Comptes rendus

Nouvelles options de traitement dans la sclérose en plaques
Nouvelles perspectives pour le pronostic et le traitement de la leucémie lymphoïde chronique

Vessie hyperactive : regard sur de nouvelles options de traitement

Le présent compte rendu est fondé sur des données médicales présentées lors d'un congrès de médecine reconnu ou publiées dans une revue avec comité de lecture ou dans un commentaire signé par un professionnel de la santé reconnu. La matière abordée dans ce compte rendu s'adresse uniquement aux professionnels de la santé reconnus du Canada.

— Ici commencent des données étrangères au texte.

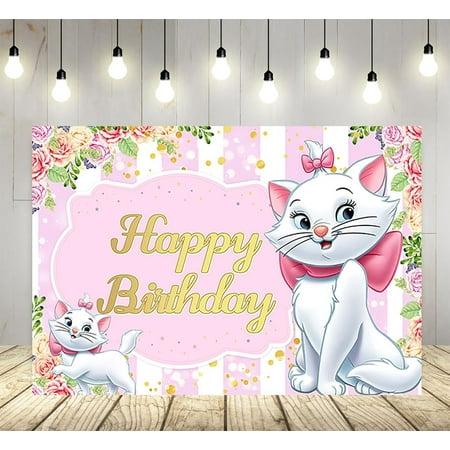 5X3ft Pink Cat Backdrop for Birthday Party Supplies Pink Marie Photo Backgrounds Marie Cat Theme Shower Banner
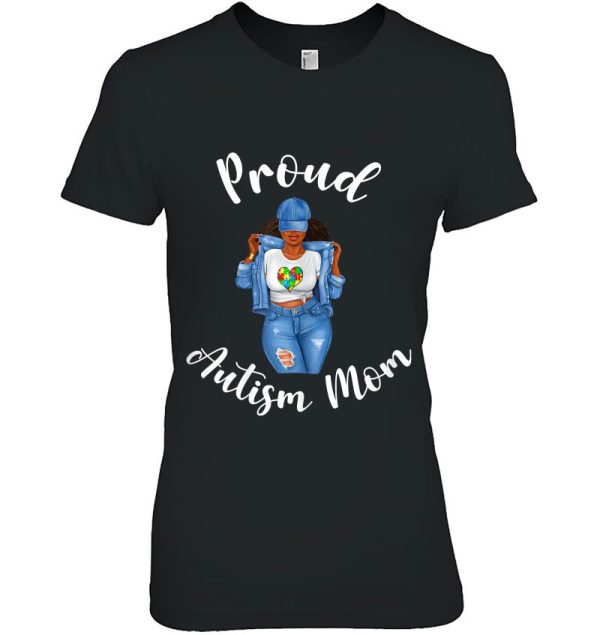 Womens Proud Autism Mom African American Black Mom Woman Strong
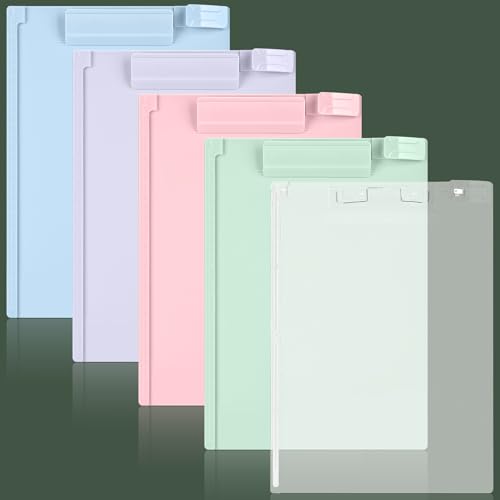 BAYTORY 5 Stück Kunststoff-Klemmbretter, Acryl-Klemmbrett mit Clip, A4 Briefgröße, Memo-Klemmbretter für Krankenschwestern, Studenten, Büro (5 Stück) von BAYTORY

21e Congrès annuel de l’Association européenne d’urologie

Paris, France / 5-8 avril 2006

On estime que la vessie hyperactive (VH) affecte 15 à 20 % des adultes en Amérique du Nord et qu’elle a des répercussions cliniquement significatives sur la qualité de vie (QdV), la qualité du sommeil et la santé mentale (Stewart WF. World J Urol 2003;20[6]:327-36). Néanmoins, c’est un problème qui demeure sous-diagnostiqué dans le contexte des soins primaires, car les patients sont souvent réticents à discuter de leurs symptômes et les cliniciens ne posent pas nécessairement de questions à ce sujet (Smith DA. Adv Nurse Pract 2004;12[3]:26-33). Compte tenu de la prévalence élevée de la VH et du nombre peu élevé de patients traités, le diagnostic et le traitement sont loin d’être optimaux (Milson et al. BJU Int 2001;87[9]:760-6). Les hommes, en particulier, ne reçoivent pas souvent d’agents antimuscariniques bien que nous sachions, preuves à l’appui, qu’ils ont des symptômes de VH semblables à ceux des femmes et qu’ils en sont incommodés au moins autant que les femmes (Peter TJ. J Urol 1997;157:885-8).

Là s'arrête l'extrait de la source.